The legislation before you today would start to address some of the concerns that have been brought to me by my constituents.  H.R. 1425, the Marine Debris Emergency Act, would call for an expedited grant process through NOAA to respond to “severe marine debris events,” a definition that encompasses both the tsunami that struck Japan along with debris generated by Hurricane Sandy. 

NOAA already has a marine debris grant program, but awarding funds for cleanup now can take more than a year.
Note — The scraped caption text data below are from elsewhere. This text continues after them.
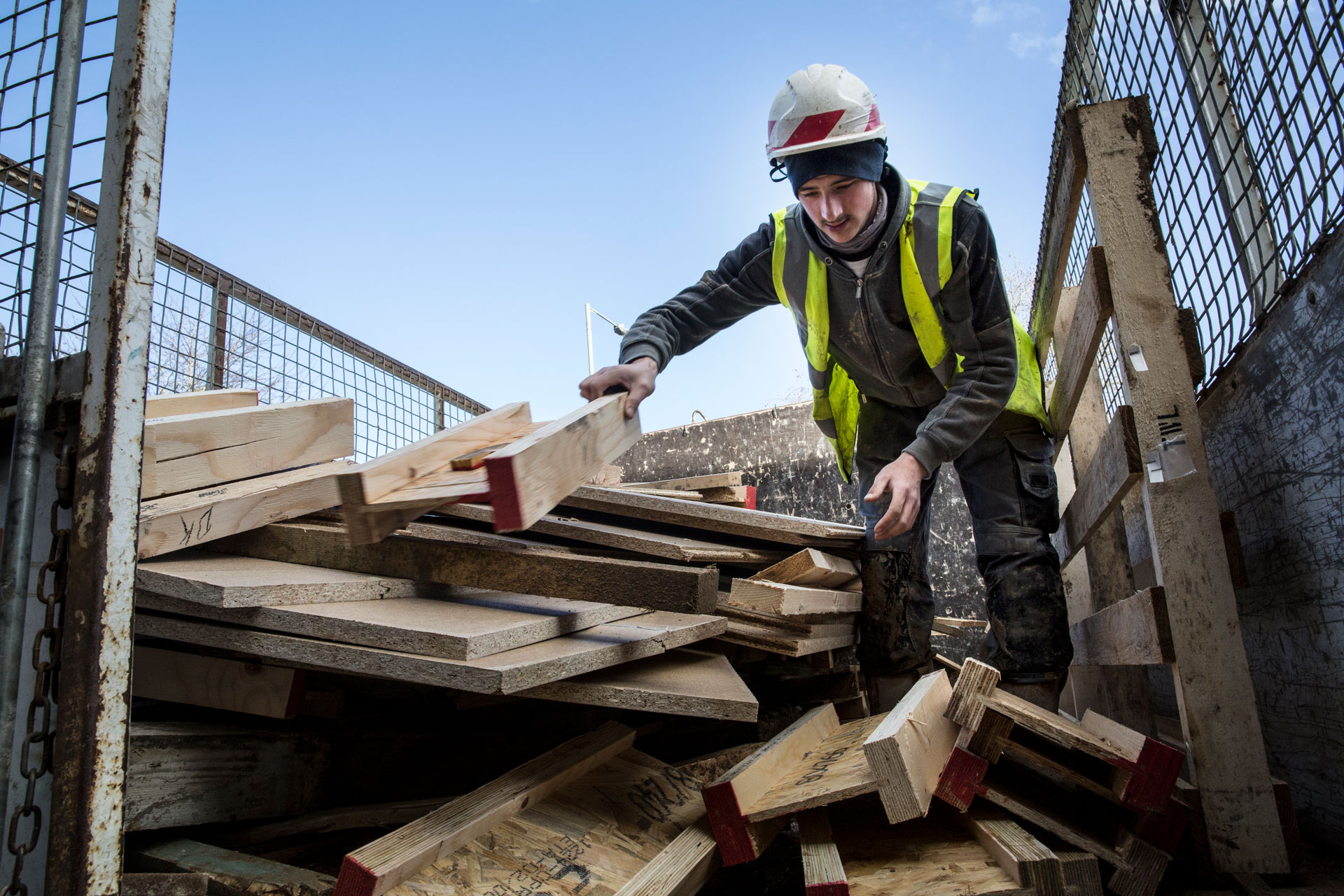 Person sorting salvaged wood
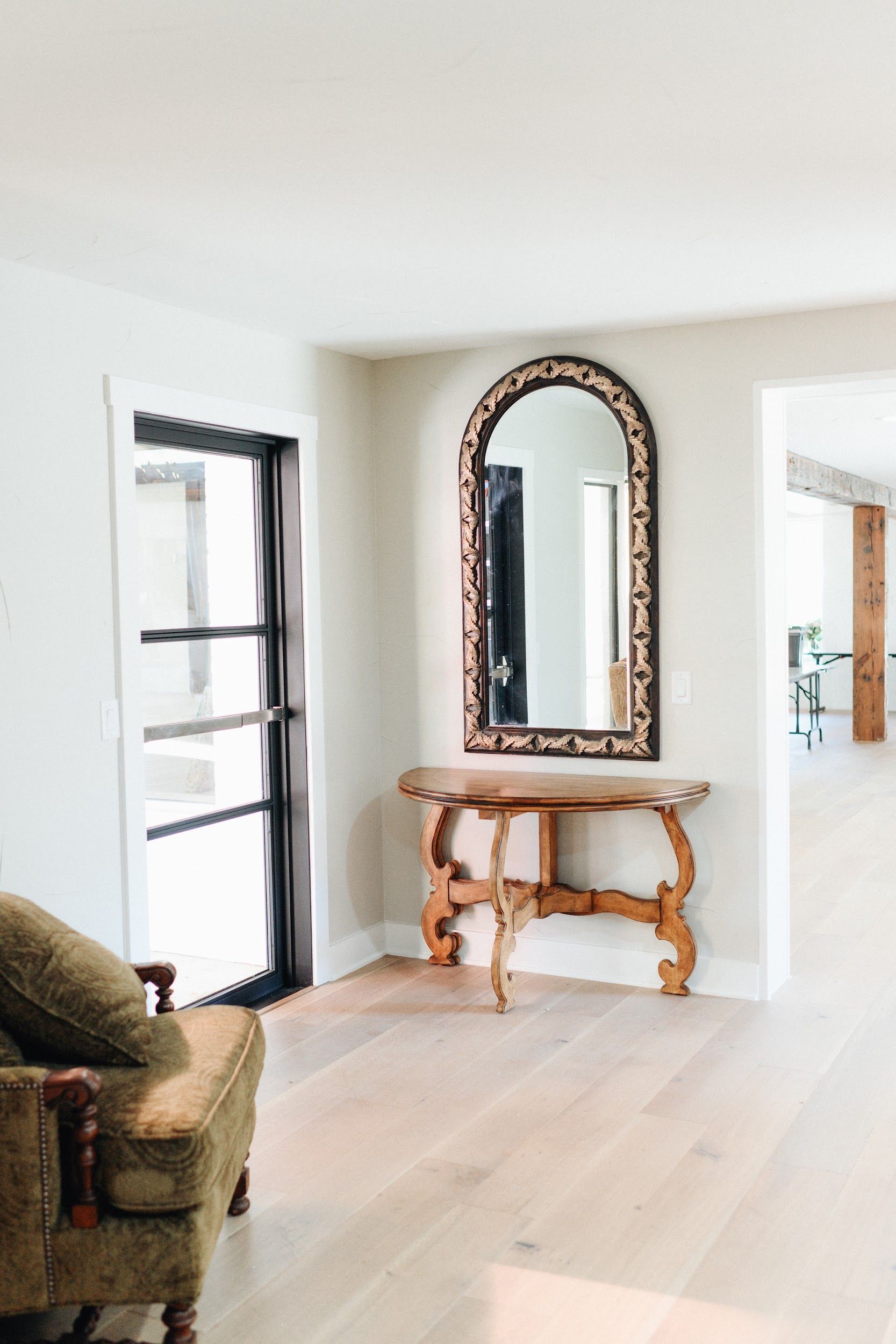 Entryway with arched mirror above wooden console, black-framed door, and light wood flooring.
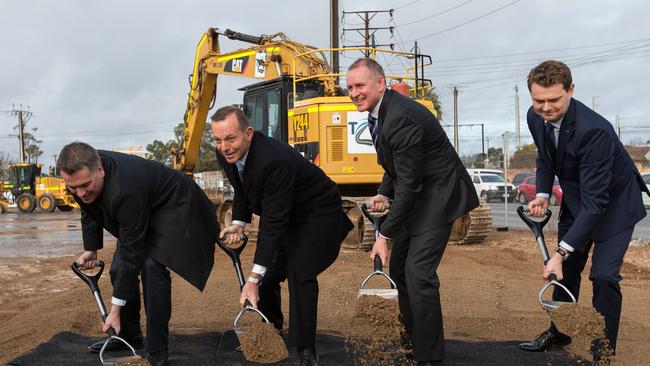 The-then assistant federal infrastructure minister Jamie Briggs, the-then prime minister Tony Abbott, the-then premier Jay Weatherill and the-then urban development minister Stephen Mullighan turn the first sods on the South Rd expansion project at Croydon in August, 2015. Picture: AAP Image / Ben Macmahon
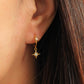 A woman wearing gold plated sterling silver star earrings, jewellery gift for her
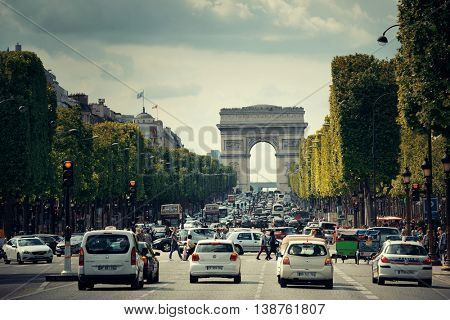 PARIS, FRANCE - MAY 13: street view and Arc de Triomphe on May 13, 2015 in Paris. With the population of 2M, Paris is the capital and most-populous city of France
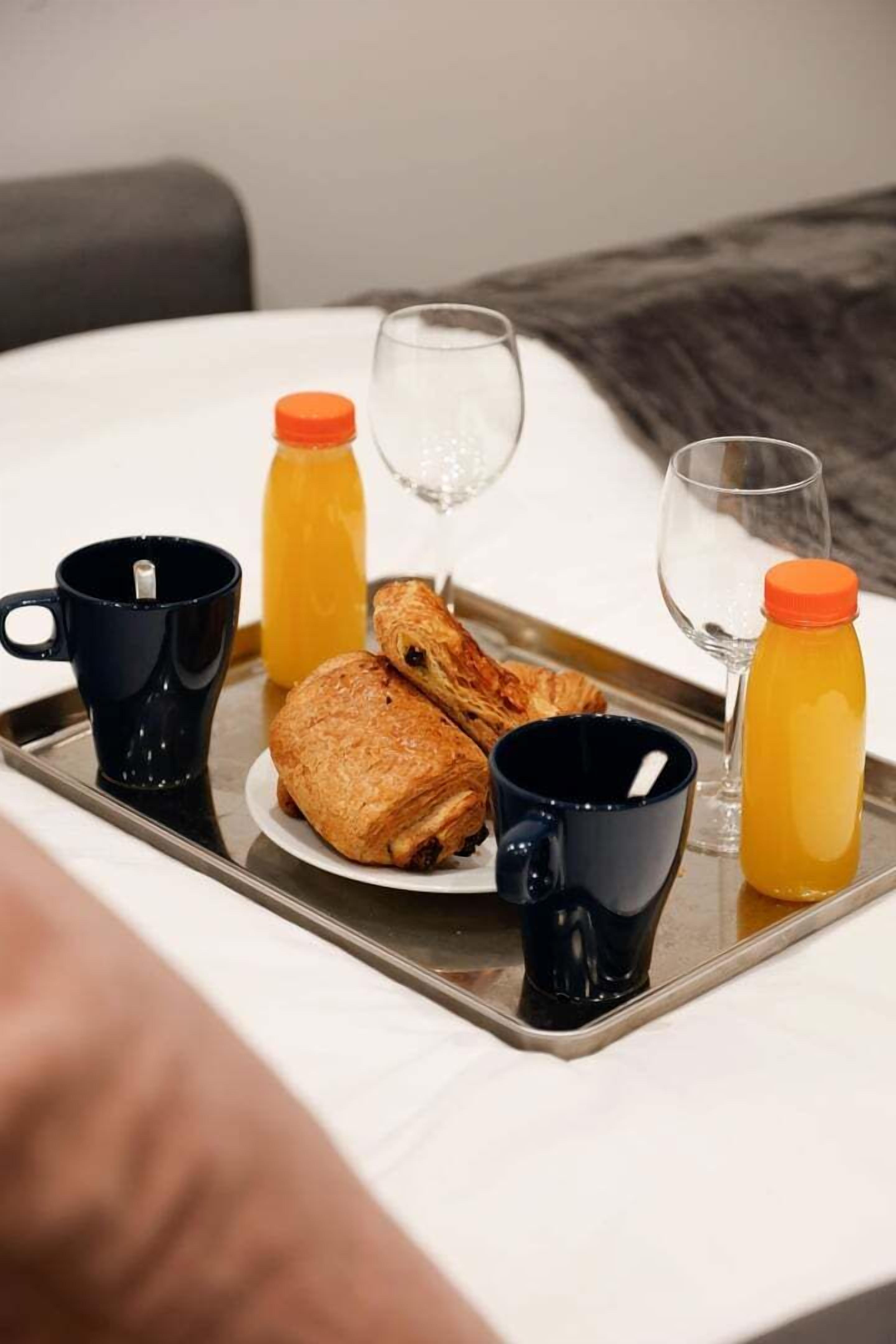 A breakfast tray with croissants, juice bottles, and coffee mugs on a bed.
In addition to requiring that grants for severe marine debris events be issued in 60 days, this bill would give preference to those applicants facing a severe debris event.  This bill has the bipartisan support of legislators from Alaska to Hawaii, and up and down the West Coast. 

H.R. 1491 is an even simpler and more straightforward piece of legislation.  In an act of unmatched generosity, the Japanese government last December provided our country with $5 million to assist with debris cleanup.  NOAA has made some of these funds available to states, for which my colleagues and I are incredibly grateful.  But NOAA’s statutory granting authority prevents any of the remaining funds in this account from being used to reimburse states and local governments for expenses incurred to clean up or remove debris prior to December 2012.  H.R. 1491 would simply allow but not require NOAA to reimburse states and local governments for funds that were spent on cleanup from March 2011 through December 2012.  This would go a long way toward assisting struggling coastal economies, and has elicited bipartisan support from Pacific Coast representatives.  In addition, NOAA has expressed regret that it is unable to reimburse state and local governments, and NOAA representatives have worked with my staff in drafting this legislation.

Thank you for your interest in this issue, and in the legislation I’ve worked on with my colleagues on both sides of the aisle to address some local concerns with debris removal.  I look forward to any questions you might have.